図1乃至図3に示すアレイ型パラメトリックスピーカ1は、超音波スピーカ2および筒状反射器4に加えて、更に、基板8を備えており、基板8上に、超音波スピーカ2および筒状反射器4が取り付けられている。そして、超音波スピーカ2と筒状反射器4との間、および超音波スピーカ2と基板8との間に緩衝材10が配置されている。この緩衝材10によって、超音波スピーカ2と筒状反射器4、および超音波スピーカ2と基板8は非接触の状態に保たれている。
緩衝材10は有底円筒状のゴムキャップである。このゴムキャップの内径は超音波スピーカ2の外径に対応するように構成されている。緩衝材の種類は特にゴムに限定されるものではない。制振性と耐候性の高い材質で構成されていればよく、例えばクロロプレンゴムやシリコーンゴム等の材質を好適に用いることができる。
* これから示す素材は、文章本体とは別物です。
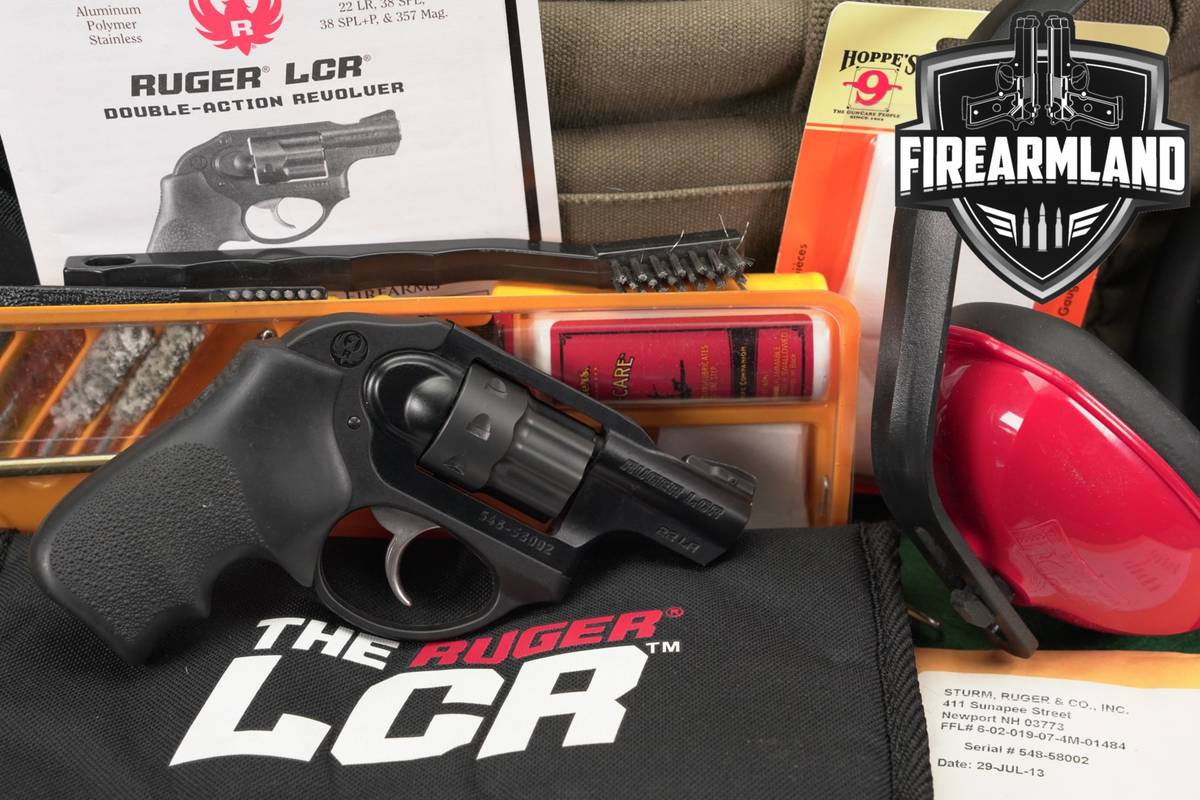 RANGE-READY! Ruger LCR 22 LR 22LR 2" Hammerless Snubnose +ORIG CASE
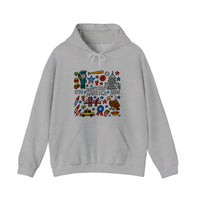 Happy 250 America Doodle Hoodie — Sport Grey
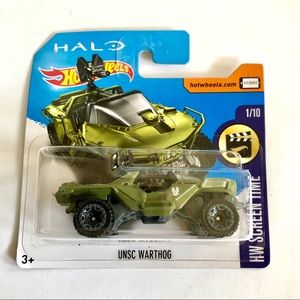 Halo UNSC Warthog Hot Wheels (short card)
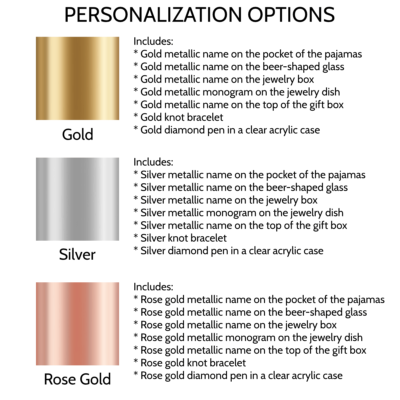 Platinum Gift Box Personalization Options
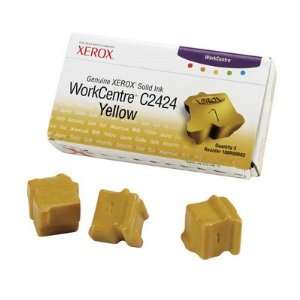  Xerox Workcentre C2424 Yellow Solid Ink 3400 Yield 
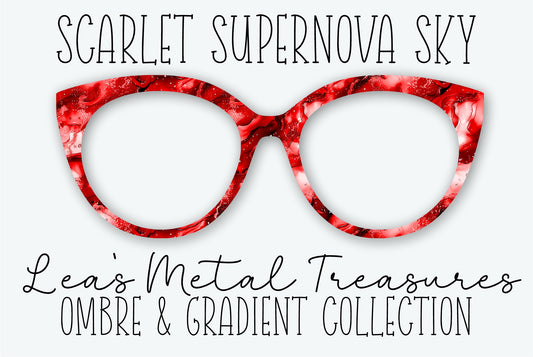 SCARLET SUPERNOVA SKY Eyewear Frame Toppers - AUGUST 2026 TOPPER OF THE MONTH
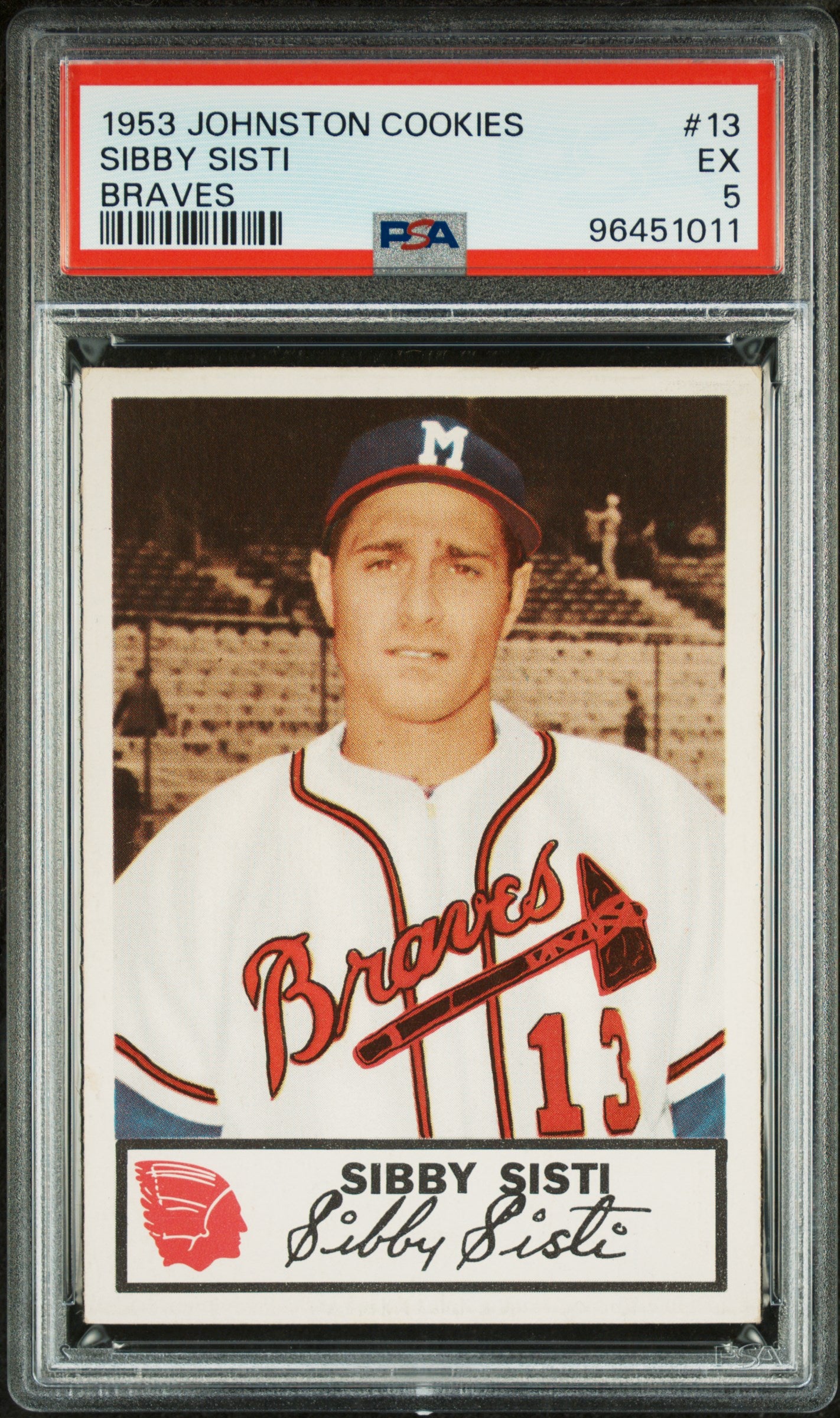 1953 Johnston Cookies Milwaukee Braves Complete PSA Graded Set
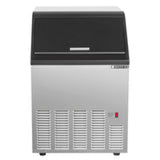 Maxx Ice Self-Contained Ice Machine, 125 lbs, Half Dice, w/Storage Bin, Stainless Steel/Black Trim - (MIM125H)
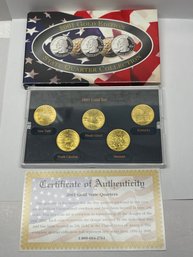 Gold Edition State Quarter Set - 2001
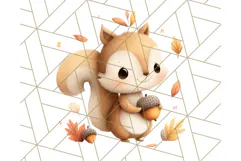 Woodland Autumn Critters PNG Clipart, Cute Fall Animals Product Image 5
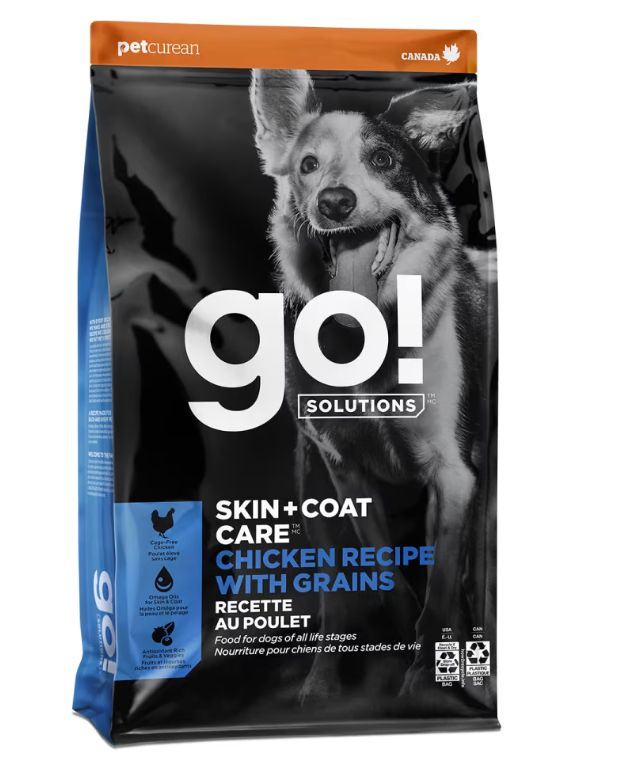GO! CHIEN PEAU + POILS POULET 12 LBS
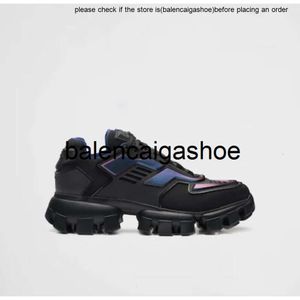 pradshoes sko par casual prades lyx varumärken p sneakers låg toppmolnbust åskande sneaker utomhus promenader löpare tränare storlek 35-46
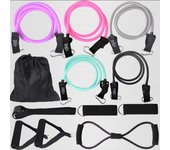 12PCS Resistance Bands Set Bodybuilding Home Gym Equipment Professional Training Weight Fitness Elastic Rubber Bands Expander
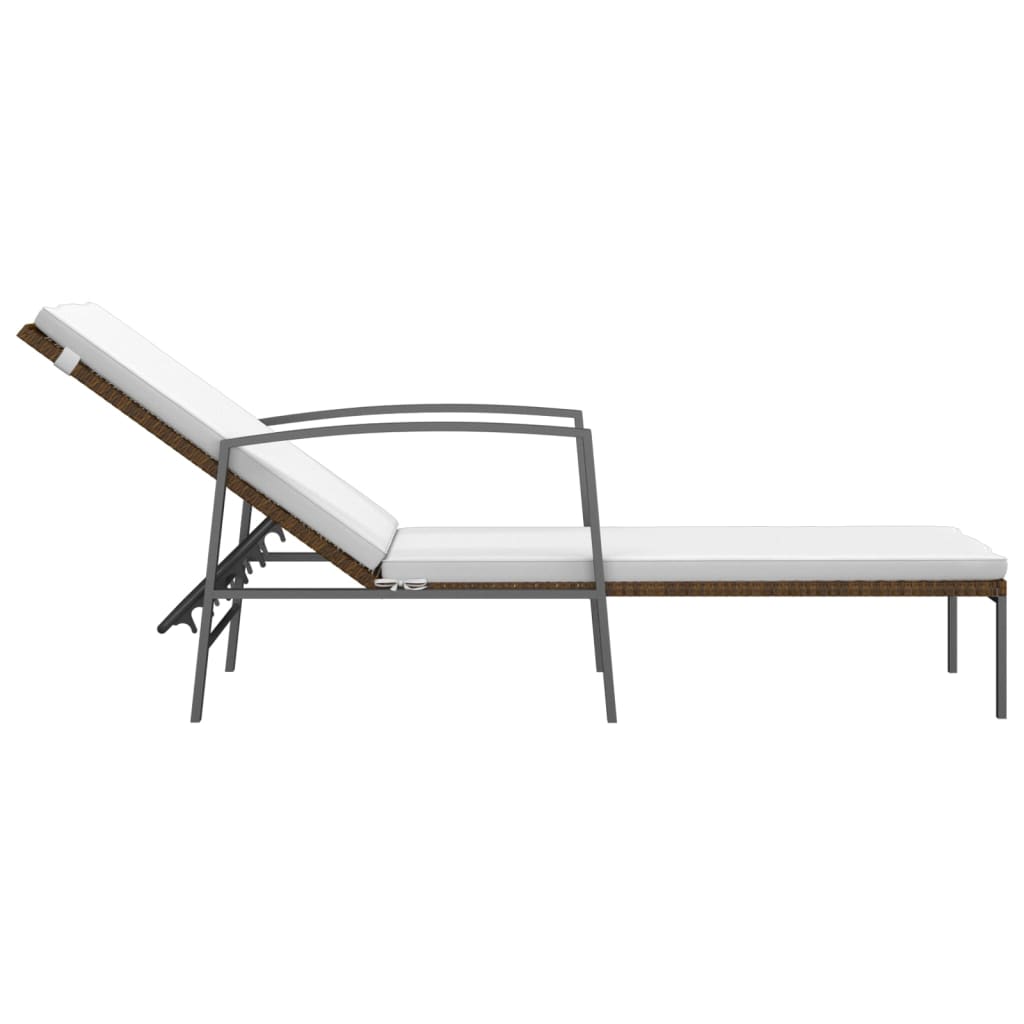 Liggestol Med Hynde Polyrattan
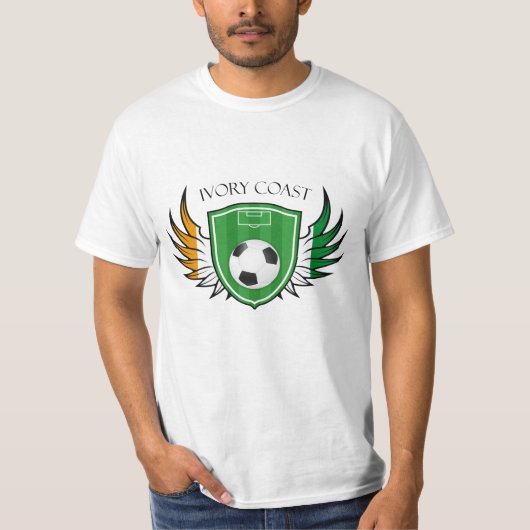 Die Elfenbeinküste-Fußball-Fußball T-Shirt (Vorderseite)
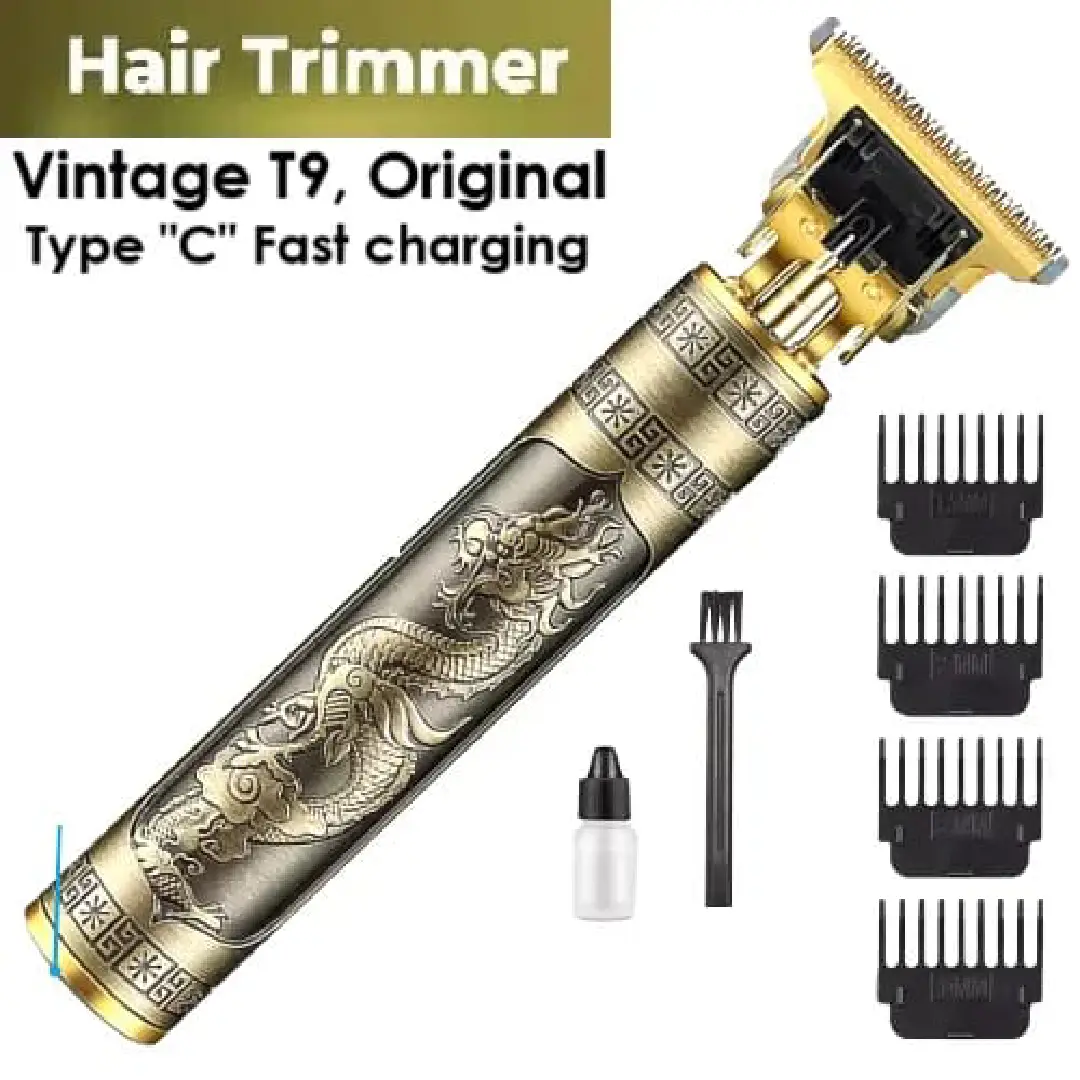Vintage T9 Trimmer Vintage T9 Hair Trimmer for Men | Type-C Fast Charging Professional Hair Clipper - Image 1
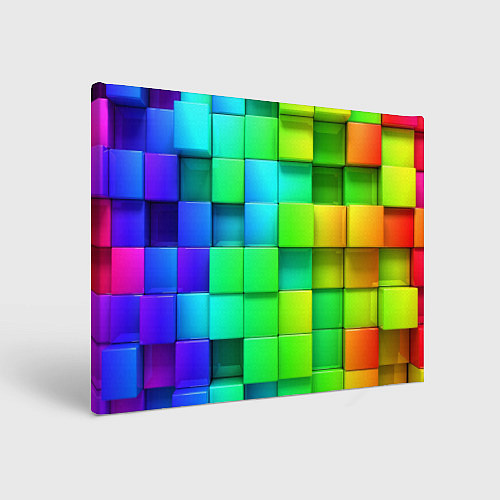 Картина прямоугольная Кубики / 3D-принт – фото 1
また、筒状反射器は超音波スピーカから発生した音波によって振動させられる。従って、アレイ型パラメトリックスピーカにおいては、可能な限り、筒状反射器の振動を他の部材に伝達させない構成とすることが好ましい。
超音波スピーカの振動を他の部材に伝達させないという観点から、筒状反射器は隣接する筒状反射器と離隔した状態で配置されているか、或いは筒状反射器と隣接する筒状反射器との間に緩衝材が配置され、筒状反射器と隣接する筒状反射器が非接触の状態に保たれていることが好ましい。
図1乃至図3に示すアレイ型パラメトリックスピーカ1は、筒状反射器4を隣接する筒状反射器4と離隔した状態で配置しており、筒状反射器4の振動を他の筒状反射器4に伝達させない構成としている。
(比較例1)
図6および図7に示す従来のアレイ型パラメトリックスピーカ101を作製した。超音波スピーカ2の音波の放射角は60°であった。アレイ型パラメトリックスピーカ101は、基板8を備えており、基板8上に、超音波スピーカ2が取り付けられている。そして、超音波スピーカ2と基板8との間に緩衝材10が配置されている。緩衝材10としてはゴムキャップを使用した。超音波スピーカ2同士は7mmずつ間隔を空けて配置した。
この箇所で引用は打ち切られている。